Performance with Metrics in Early Detection

Nov 17

The field of blood-based early cancer detection is advancing at remarkable speed. Yet with this rapid progress comes a growing challenge: without shared definitions and consistent terminology, we risk confusing clinicians, regulators, and ultimately the patients these innovations aim to help.

This was the focus of the recent Early Detection Summer Seminar hosted by the BLOODPAC Early Detection and Screening Working Group. Co-chair Christina Clarke (GRAIL) opened the session by highlighting the group’s mission: to align the field on a common lexicon and standard frameworks for clinical validation of blood-based early detection tests. “Right now, we’re not all using the same words for the same concepts,” Clarke noted. “As multi-cancer early detection (MCED) tests and pan-cancer approaches emerge, we must get on the same page about core performance metrics like sensitivity and specificity.”

The seminar featured Professor Peter Sasieni, Joint Lead of the Centre for Cancer Screening, Prevention, and Early Diagnosis at Queen Mary University of London, and Principal Investigator of the NHS-Galleri study. His talk, Modernizing Performance Statistics for Multi-cancer Screening Tests, underscored how cancer screening must be evaluated differently from traditional diagnostic testing.

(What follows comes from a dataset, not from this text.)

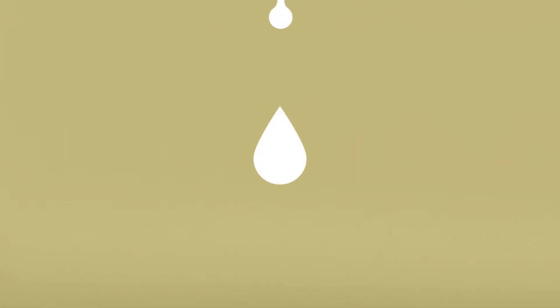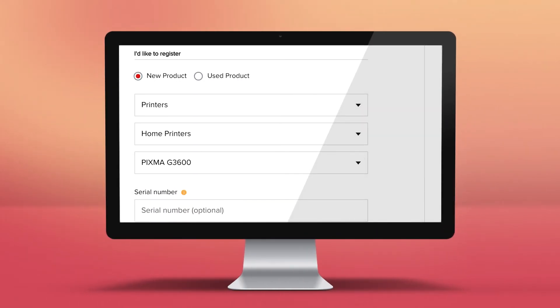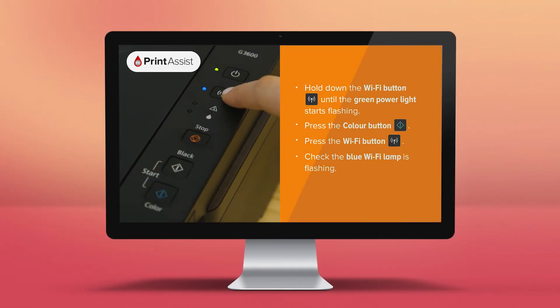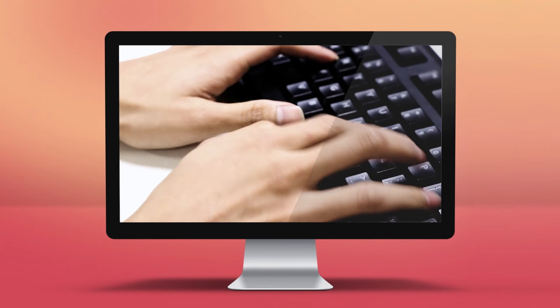We want you to have the best possible experience in setting up this printer, so we've created Canon Print Assist. You can register your printer, get step-by-step installation guidance, or speak to a Print Assist expert if you need an extra helping hand.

Sasieni explained that screening is not simply a diagnostic test applied earlier in time. In diagnostic trials, every participant’s disease status is eventually confirmed. In screening, by contrast, it is both unethical and impractical to perform full diagnostic workups on everyone, particularly those with negative results. Screening also targets disease that exists on a continuum. Cancers are often invisible to imaging or biomarkers when they are very small, and the ability to detect them changes with size, stage, and subtype. Whereas a diagnostic test identifies what is already present and does not need to predict what happens in the future, a screening test must detect disease before symptoms arise, ideally at a point when interventions can change outcomes. As Sasieni put it, a screening test does not need to be perfect; it needs only to identify a subgroup for whom further testing is worthwhile.

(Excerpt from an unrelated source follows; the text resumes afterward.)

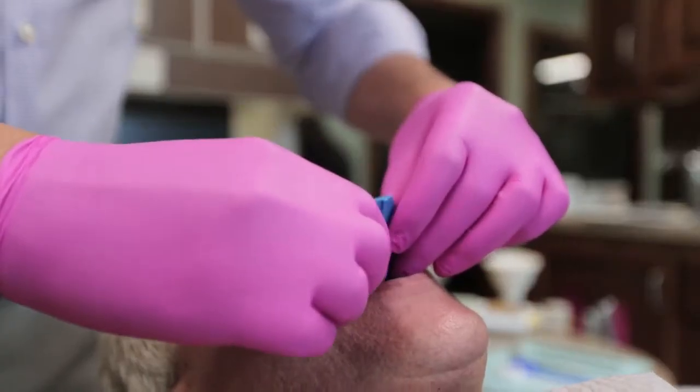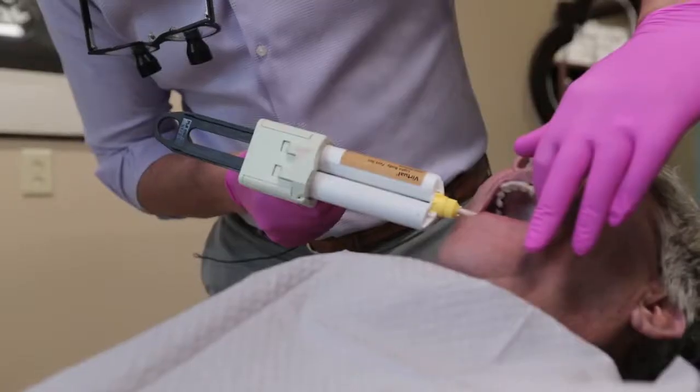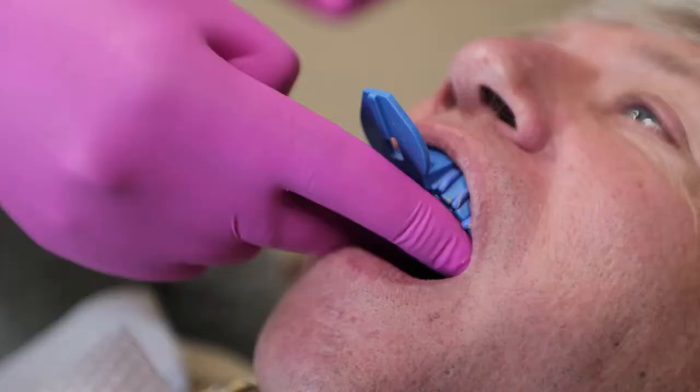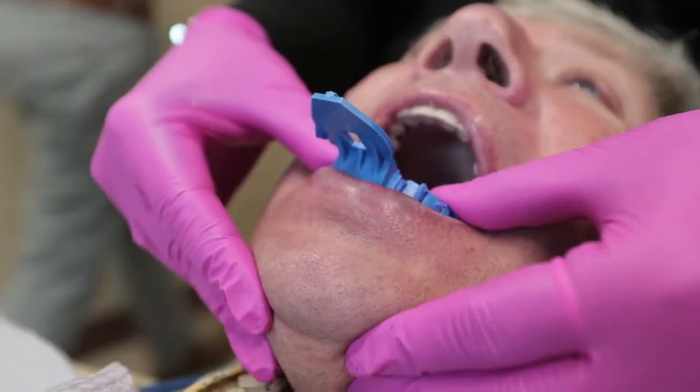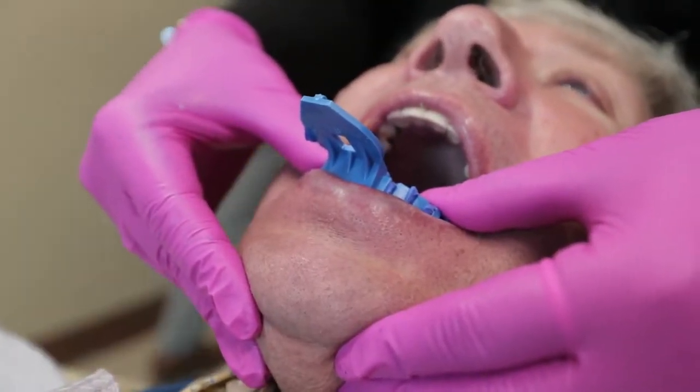You can either make full arch physical impressions. Vinyl polysiloxane is an excellent material — make an upper impression, make a lower impression. You're going to want to make sure you're using a wash material either with a putty, or a wash material with a heavy or medium viscosity material in a tray. Detail is very, very important.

To make this more tangible, he described screening as a sieve. A large population of asymptomatic individuals is progressively filtered, enriching for those most likely to harbor cancer. The fecal immunochemical test (FIT) for colorectal cancer illustrates the point. In symptomatic patients, any trace of blood is suspicious, but in a screening program thresholds are set to determine which patients require further investigation. FIT is therefore used to rule in cancer among those not seeking medical help, identifying who should undergo colonoscopy. In this way, the sieve analogy highlights that what we seek to determine is clinical validity, captured by the likelihood ratio. For screening, the focus is on the positive likelihood ratio, defined in terms of sensitivity and specificity. This ratio reflects how much more likely disease is in those who test positive compared to the overall population being tested.

Traditional metrics, however, can fall short. Sensitivity is notoriously difficult to measure, since it depends on tumor size, stage, subtype, and even population demographics. Specificity is equally unstable, often shifting with age or the presence of underlying conditions. Sasieni argued that rather than treating sensitivity and specificity as constants, the field should adopt approaches akin to age-standardization in survival statistics—methods that allow performance to be compared across reference populations. More importantly, he called for a pivot toward metrics that capture real-world utility. Diagnostic yield—the number of cancers detected per thousand screens—links performance directly to patient benefit. Positive predictive value (PPV) and negative predictive value (NPV) answer the questions patients care most about: if I test positive, how likely am I to benefit if I go for screening?, and if I test negative, how safe am I? These, he stressed, should focus on actionable cancers that can be treated with curative intent.

Sasieni went further, suggesting practical thresholds to balance invasiveness with benefit. A simple blood or urine test could be justified if it detects at least one cancer per thousand screens. Low-dose CT scans, given radiation risks, should deliver a diagnostic yield of at least three percent. Surgery should not proceed unless the chance of finding cancer is thirty percent or higher. For MCED tests, he proposed benchmarks such as an overall positive likelihood ratio of at least ten, site-specific ratios of at least five, and a PPV of at least 7.5 percent, with site-specific PPVs of at least three percent.

A Panel of Perspectives

Following Sasieni’s presentation, Bree Mitchell (Natera, Working Group co-chair) opened a discussion with Sasieni, Jody Hoyos (Prevent Cancer Foundation), and Donna Roscoe (former FDA). The conversation underscored how metrics must be interpreted not only by researchers but also by clinicians and patients.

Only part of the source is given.